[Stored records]
--- START ---

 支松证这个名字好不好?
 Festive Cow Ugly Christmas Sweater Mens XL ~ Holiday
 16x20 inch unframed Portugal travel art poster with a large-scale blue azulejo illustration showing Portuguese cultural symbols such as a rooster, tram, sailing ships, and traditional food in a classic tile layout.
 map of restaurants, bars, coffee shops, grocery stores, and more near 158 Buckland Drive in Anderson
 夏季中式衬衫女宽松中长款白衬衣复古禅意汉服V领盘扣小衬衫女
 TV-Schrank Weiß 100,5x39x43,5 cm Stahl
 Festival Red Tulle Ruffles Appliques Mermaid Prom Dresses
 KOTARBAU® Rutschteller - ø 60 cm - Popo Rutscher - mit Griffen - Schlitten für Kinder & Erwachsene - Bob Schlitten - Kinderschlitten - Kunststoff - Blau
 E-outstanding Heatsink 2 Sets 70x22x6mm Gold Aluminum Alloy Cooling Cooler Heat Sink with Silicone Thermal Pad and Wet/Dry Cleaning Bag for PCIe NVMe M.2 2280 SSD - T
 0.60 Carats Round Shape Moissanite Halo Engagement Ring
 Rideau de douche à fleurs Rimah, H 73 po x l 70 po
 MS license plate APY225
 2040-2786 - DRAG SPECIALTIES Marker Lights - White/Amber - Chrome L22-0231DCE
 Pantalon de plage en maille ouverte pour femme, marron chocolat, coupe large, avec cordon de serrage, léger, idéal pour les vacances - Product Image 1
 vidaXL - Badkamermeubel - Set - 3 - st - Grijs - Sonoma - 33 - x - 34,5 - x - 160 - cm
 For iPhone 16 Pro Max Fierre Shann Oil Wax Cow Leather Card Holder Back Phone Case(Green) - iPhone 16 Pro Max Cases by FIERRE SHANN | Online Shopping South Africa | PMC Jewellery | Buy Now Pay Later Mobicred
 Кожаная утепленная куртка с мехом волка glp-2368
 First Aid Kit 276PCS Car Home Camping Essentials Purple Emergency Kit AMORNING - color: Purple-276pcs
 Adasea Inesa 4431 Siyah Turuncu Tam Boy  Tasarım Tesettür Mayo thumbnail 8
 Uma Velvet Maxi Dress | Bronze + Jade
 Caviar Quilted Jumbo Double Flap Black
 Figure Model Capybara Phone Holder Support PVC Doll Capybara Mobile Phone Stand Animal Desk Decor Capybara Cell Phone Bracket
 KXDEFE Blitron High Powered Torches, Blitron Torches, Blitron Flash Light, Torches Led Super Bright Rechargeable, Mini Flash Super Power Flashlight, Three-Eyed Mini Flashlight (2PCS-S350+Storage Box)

--- END ---

> [TASK DESCRIPTION]: Give back the opening line of the records above and every line after it, up to and including the one with "E-outstanding Heatsink 2", unchanged.

> [SOLUTION TO THIS PROBLEM]:
 支松证这个名字好不好?
 Festive Cow Ugly Christmas Sweater Mens XL ~ Holiday
 16x20 inch unframed Portugal travel art poster with a large-scale blue azulejo illustration showing Portuguese cultural symbols such as a rooster, tram, sailing ships, and traditional food in a classic tile layout.
 map of restaurants, bars, coffee shops, grocery stores, and more near 158 Buckland Drive in Anderson
 夏季中式衬衫女宽松中长款白衬衣复古禅意汉服V领盘扣小衬衫女
 TV-Schrank Weiß 100,5x39x43,5 cm Stahl
 Festival Red Tulle Ruffles Appliques Mermaid Prom Dresses
 KOTARBAU® Rutschteller - ø 60 cm - Popo Rutscher - mit Griffen - Schlitten für Kinder & Erwachsene - Bob Schlitten - Kinderschlitten - Kunststoff - Blau
 E-outstanding Heatsink 2 Sets 70x22x6mm Gold Aluminum Alloy Cooling Cooler Heat Sink with Silicone Thermal Pad and Wet/Dry Cleaning Bag for PCIe NVMe M.2 2280 SSD - T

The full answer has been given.